TASK DETAILS:
Each line from the one containing "Android 14 Car" to the end of the records should be copied exactly, and no other line.

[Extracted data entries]
⁂

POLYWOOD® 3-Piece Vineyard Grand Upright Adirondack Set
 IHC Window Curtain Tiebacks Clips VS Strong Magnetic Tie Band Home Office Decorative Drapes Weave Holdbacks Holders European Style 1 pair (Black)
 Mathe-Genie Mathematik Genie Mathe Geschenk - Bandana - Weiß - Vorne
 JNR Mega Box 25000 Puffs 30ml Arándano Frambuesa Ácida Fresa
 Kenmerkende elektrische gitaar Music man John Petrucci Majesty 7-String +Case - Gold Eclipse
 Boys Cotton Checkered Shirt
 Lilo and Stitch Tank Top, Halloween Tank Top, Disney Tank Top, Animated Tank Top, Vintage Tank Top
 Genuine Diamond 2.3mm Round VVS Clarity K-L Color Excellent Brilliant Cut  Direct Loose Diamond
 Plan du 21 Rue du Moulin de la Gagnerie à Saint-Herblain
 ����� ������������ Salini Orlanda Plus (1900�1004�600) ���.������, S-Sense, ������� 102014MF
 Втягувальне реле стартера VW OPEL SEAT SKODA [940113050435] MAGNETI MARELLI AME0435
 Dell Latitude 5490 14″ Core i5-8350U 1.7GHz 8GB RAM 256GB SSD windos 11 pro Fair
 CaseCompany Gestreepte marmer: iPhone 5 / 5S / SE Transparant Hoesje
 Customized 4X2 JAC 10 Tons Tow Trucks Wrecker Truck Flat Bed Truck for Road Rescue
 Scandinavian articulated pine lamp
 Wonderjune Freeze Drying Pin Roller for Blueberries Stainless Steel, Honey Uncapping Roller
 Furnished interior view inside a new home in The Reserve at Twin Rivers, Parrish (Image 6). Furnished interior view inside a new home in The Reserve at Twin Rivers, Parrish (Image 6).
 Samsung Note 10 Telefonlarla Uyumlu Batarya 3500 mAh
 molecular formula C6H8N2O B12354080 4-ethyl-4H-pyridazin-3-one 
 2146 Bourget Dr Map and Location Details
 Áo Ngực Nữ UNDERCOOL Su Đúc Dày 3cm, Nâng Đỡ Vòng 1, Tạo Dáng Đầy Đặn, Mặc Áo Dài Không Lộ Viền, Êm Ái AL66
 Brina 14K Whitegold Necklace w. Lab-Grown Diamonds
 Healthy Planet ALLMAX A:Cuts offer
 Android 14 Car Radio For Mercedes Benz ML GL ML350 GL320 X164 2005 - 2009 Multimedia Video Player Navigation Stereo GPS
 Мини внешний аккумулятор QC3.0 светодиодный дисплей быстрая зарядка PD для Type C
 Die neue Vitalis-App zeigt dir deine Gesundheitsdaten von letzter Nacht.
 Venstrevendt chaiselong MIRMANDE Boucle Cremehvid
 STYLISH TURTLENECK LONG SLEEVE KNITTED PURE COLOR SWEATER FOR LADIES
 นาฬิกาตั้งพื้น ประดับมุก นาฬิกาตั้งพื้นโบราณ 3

⁂

RESULT:
 Android 14 Car Radio For Mercedes Benz ML GL ML350 GL320 X164 2005 - 2009 Multimedia Video Player Navigation Stereo GPS
 Мини внешний аккумулятор QC3.0 светодиодный дисплей быстрая зарядка PD для Type C
 Die neue Vitalis-App zeigt dir deine Gesundheitsdaten von letzter Nacht.
 Venstrevendt chaiselong MIRMANDE Boucle Cremehvid
 STYLISH TURTLENECK LONG SLEEVE KNITTED PURE COLOR SWEATER FOR LADIES
 นาฬิกาตั้งพื้น ประดับมุก นาฬิกาตั้งพื้นโบราณ 3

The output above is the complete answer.